> [Data provided]
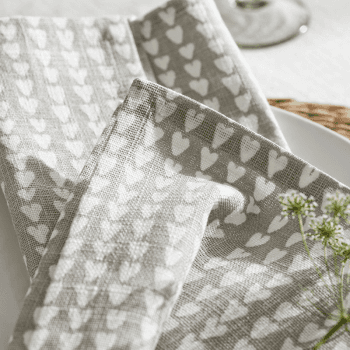 Image showing the Ditsy Set of 4 Hear Napkins, 45cm x 45cm, White/Grey product.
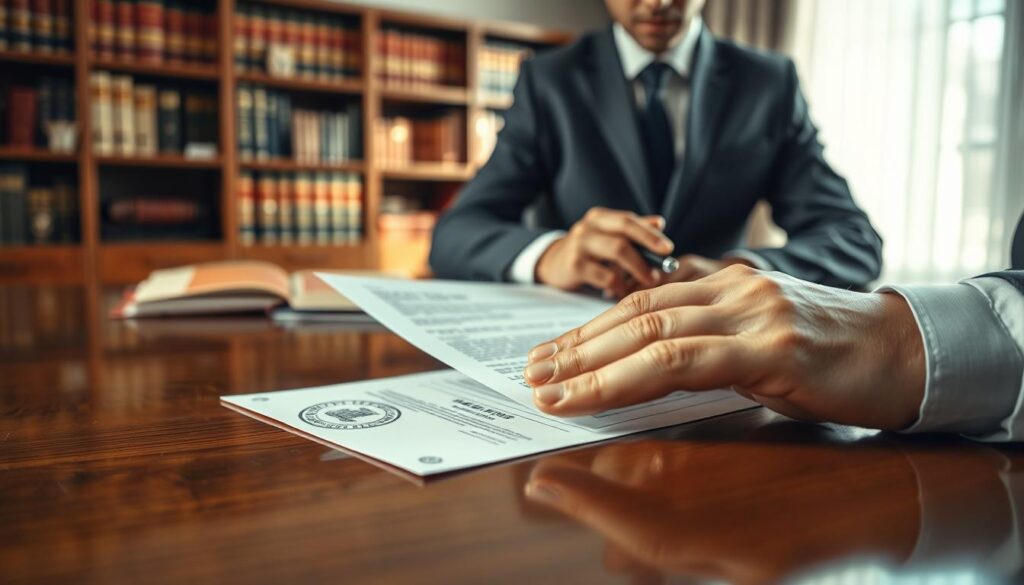 A professional lawyer in a modern office setting, dressed in formal business attire, looks intently at a legal document on a polished wooden desk. In the foreground, a close-up of the lawyer's hands holding a pen, emphasizing the seriousness of the situation. In the middle ground, the document is partially visible, adorned with official stamps and a watermark, symbolizing an injunction. The background features a blurred bookshelf filled with law books, conveying a scholarly atmosphere. Soft, natural lighting streams through a window, creating a calm yet tense mood. Shot on a Sony A7R IV at 70mm, clearly focused and sharply defined, using a polarized filter to enhance the clarity and detail of the scene.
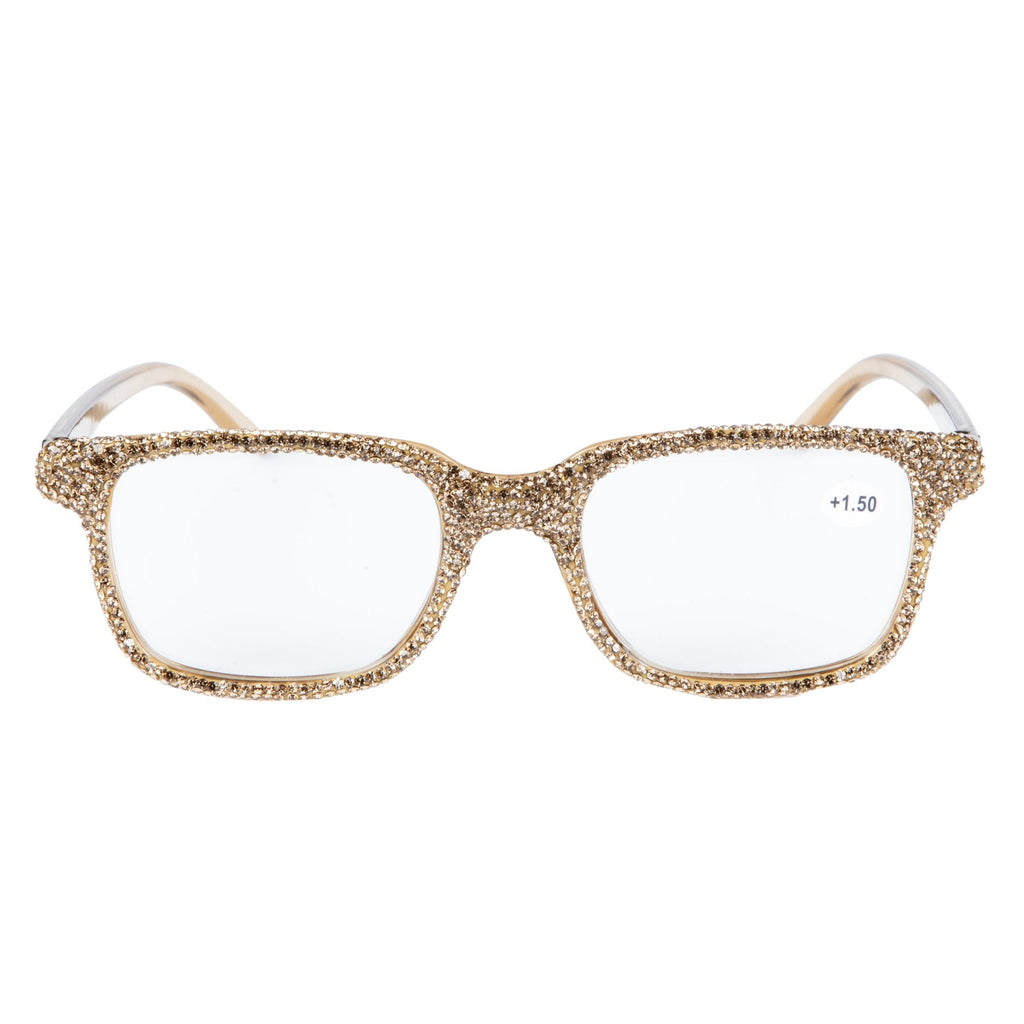 Handmade Rhinestone Rectangle Reader Glasses G0444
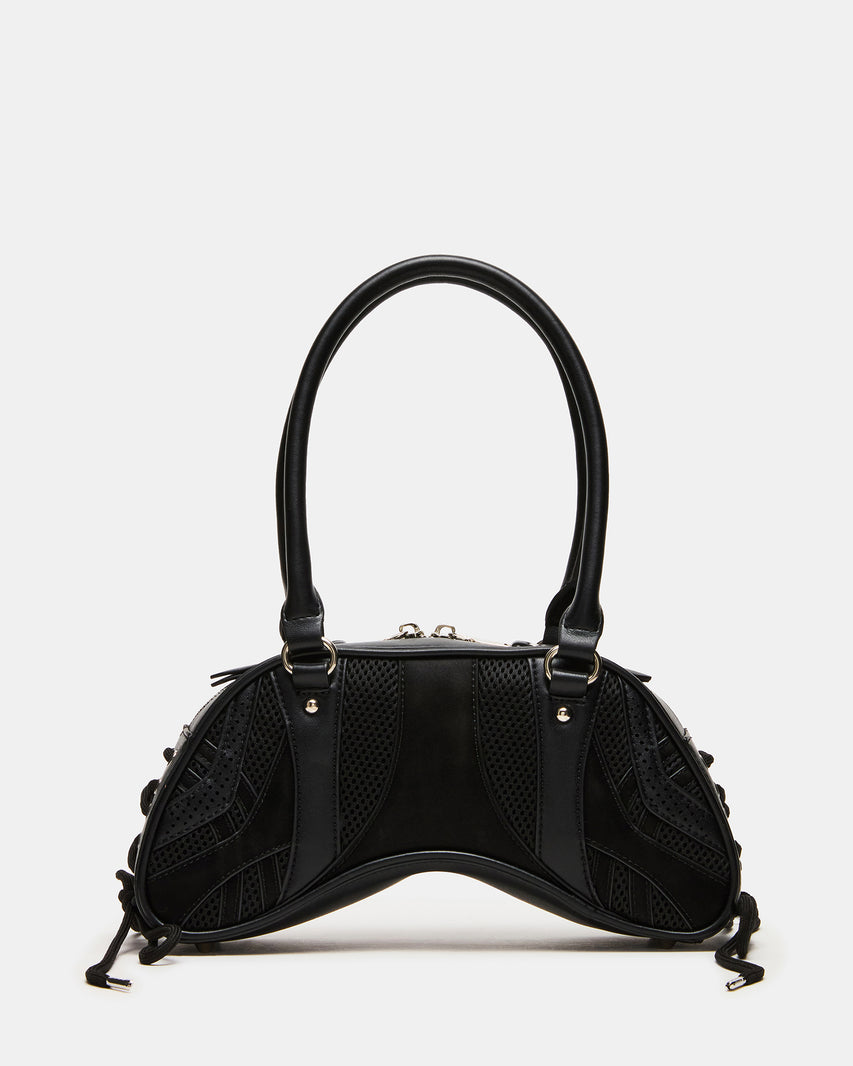KODY Bag Black Lace-Up Buckle Shoulder Strap Handbag | Steve Madden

> [The task]
Please return the lines above exactly, with the pictures omitted.

> [Answer section]
 Image showing the Ditsy Set of 4 Hear Napkins, 45cm x 45cm, White/Grey product.
 A professional lawyer in a modern office setting, dressed in formal business attire, looks intently at a legal document on a polished wooden desk. In the foreground, a close-up of the lawyer's hands holding a pen, emphasizing the seriousness of the situation. In the middle ground, the document is partially visible, adorned with official stamps and a watermark, symbolizing an injunction. The background features a blurred bookshelf filled with law books, conveying a scholarly atmosphere. Soft, natural lighting streams through a window, creating a calm yet tense mood. Shot on a Sony A7R IV at 70mm, clearly focused and sharply defined, using a polarized filter to enhance the clarity and detail of the scene.
 Handmade Rhinestone Rectangle Reader Glasses G0444
KODY Bag Black Lace-Up Buckle Shoulder Strap Handbag | Steve Madden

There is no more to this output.